The mathematical formula of a simple linear regression line is:

Y = mX + b

Where:

Y is the predicted score (dependent variable)
X is the number of hours studied (independent variable)
m is the slope of the line
b is the intercept

How to Perform Linear Regression in Python

Step 1: Installing Python and Required Libraries

If you don’t have Python installed, you can download it from python.org. Python comes with a package manager called pip, which lets you install libraries, collections of code other people wrote that help you do specific tasks.

We will use a library called scikit-learn, which makes performing linear regression easy.

Open your command prompt (Windows) or terminal (Mac/Linux) and type:

pip install scikit-learn

This installs the tools we need.

Step 2: Writing Your First Linear Regression Program

Open any text editor or an environment like Jupyter Notebook or VS Code, then write the following code step by step.

Step 3: Import Python Libraries

First, we import the libraries.

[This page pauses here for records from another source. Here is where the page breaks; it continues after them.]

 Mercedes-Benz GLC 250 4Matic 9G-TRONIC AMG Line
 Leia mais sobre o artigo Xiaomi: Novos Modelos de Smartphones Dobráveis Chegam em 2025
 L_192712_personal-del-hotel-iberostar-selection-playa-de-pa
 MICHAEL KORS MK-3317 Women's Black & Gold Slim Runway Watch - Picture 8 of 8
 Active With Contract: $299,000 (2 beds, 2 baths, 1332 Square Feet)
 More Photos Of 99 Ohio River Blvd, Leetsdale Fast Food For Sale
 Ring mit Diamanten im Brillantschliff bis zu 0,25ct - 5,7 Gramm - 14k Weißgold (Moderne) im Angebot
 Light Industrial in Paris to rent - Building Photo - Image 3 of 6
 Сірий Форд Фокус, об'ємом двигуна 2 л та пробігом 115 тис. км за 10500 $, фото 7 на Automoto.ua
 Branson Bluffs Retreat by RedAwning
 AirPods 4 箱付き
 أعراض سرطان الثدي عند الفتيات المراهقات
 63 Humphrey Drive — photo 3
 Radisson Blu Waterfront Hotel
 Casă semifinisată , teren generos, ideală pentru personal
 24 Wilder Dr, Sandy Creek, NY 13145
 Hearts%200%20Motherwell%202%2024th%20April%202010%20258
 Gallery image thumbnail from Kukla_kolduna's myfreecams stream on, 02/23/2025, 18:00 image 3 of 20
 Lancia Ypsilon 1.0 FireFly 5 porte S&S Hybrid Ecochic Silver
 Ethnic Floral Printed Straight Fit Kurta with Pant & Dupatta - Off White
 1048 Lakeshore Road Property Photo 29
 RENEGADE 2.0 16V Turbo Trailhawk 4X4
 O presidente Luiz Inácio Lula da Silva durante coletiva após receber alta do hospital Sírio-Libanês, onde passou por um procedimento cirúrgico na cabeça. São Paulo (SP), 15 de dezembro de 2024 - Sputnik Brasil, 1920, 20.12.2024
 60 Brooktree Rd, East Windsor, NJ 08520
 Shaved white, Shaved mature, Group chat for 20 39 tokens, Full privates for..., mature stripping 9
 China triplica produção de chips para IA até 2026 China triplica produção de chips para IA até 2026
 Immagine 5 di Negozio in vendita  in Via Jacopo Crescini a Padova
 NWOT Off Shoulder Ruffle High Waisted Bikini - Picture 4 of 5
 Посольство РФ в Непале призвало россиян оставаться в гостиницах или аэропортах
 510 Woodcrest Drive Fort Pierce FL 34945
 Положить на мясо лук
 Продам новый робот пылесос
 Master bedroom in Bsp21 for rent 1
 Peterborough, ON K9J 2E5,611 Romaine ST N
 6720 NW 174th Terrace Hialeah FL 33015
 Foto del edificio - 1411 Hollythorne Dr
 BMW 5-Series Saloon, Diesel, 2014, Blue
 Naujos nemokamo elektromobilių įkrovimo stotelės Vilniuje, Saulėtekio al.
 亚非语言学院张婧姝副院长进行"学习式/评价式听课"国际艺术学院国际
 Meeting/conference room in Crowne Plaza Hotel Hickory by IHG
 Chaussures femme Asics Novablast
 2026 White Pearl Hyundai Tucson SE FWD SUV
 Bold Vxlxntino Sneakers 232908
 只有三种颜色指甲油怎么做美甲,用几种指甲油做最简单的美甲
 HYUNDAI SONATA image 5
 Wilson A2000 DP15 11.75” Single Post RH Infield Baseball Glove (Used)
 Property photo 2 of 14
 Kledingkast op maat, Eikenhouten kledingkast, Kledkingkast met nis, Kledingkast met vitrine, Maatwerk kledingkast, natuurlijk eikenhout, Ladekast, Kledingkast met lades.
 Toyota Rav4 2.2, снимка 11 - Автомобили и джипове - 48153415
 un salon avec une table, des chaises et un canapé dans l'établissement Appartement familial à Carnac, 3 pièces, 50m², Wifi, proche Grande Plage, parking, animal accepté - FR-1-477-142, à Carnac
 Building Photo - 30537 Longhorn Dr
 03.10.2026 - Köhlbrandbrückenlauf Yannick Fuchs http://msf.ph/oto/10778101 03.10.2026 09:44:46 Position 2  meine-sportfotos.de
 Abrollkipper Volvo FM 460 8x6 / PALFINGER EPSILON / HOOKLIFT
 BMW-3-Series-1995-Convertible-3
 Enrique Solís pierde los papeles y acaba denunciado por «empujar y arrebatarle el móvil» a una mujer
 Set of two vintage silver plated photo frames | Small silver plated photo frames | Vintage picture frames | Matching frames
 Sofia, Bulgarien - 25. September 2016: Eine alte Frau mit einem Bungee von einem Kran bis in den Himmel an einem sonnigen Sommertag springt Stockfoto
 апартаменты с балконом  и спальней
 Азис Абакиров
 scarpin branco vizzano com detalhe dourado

Think of this as bringing tools to your workspace.

from sklearn.linear_model import LinearRegression  # To perform linear regression
import numpy as np  # For working with numbers and arrays

Step 4: Prepare Your Data

We need to create some example data — the number of hours studied and the corresponding exam scores.

# Hours studied (independent variable)
hours_studied = np.array([1, 2, 3, 4, 5]).reshape(-1, 1)

# Exam scores (dependent variable)
exam_scores = np.array([50, 55, 65, 70, 75])

np.array creates an array (a list of numbers).
.reshape(-1, 1) changes the shape of our data so Python understands it’s a column, which is needed for scikit-learn.

Step 5: Create the Linear Regression Model

Now, we create the model and teach it to find the best-fit line.

model = LinearRegression()
model.fit(hours_studied, exam_scores)

model.fit() tells Python to find the line that best fits the data.

Step 6: Get the Results

We want to know the slope and intercept — the parameters of our line.

print("Slope (m):", model.coef_[0])
print("Intercept (b):", model.intercept_)

This will print the slope and intercept.

Step 7: Make Predictions

Suppose you want to predict the exam score for someone who studied 6 hours.

predicted_score = model.predict([[6]])
print("Predicted exam score for 6 hours of study:", predicted_score[0])

Full Python Code Together

from sklearn.linear_model import LinearRegression
import numpy as np

# Data
hours_studied = np.array([1, 2, 3, 4, 5]).reshape(-1, 1)
exam_scores = np.array([50, 55, 65, 70, 75])

# Create model and train
model = LinearRegression()
model.fit(hours_studied, exam_scores)

# Results
print("Slope (m):", model.coef_[0])
print("Intercept (b):", model.intercept_)

# Prediction
predicted_score = model.predict([[6]])
print("Predicted exam score for 6 hours of study:", predicted_score[0])

Linear regression is just the start. As you learn more, you can explore multiple variables, more complex models, and real datasets.
Practice running this code and changing the numbers to see how predictions change.
Python and scikit-learn make it easy to bring statistical concepts to life with just a few lines of code.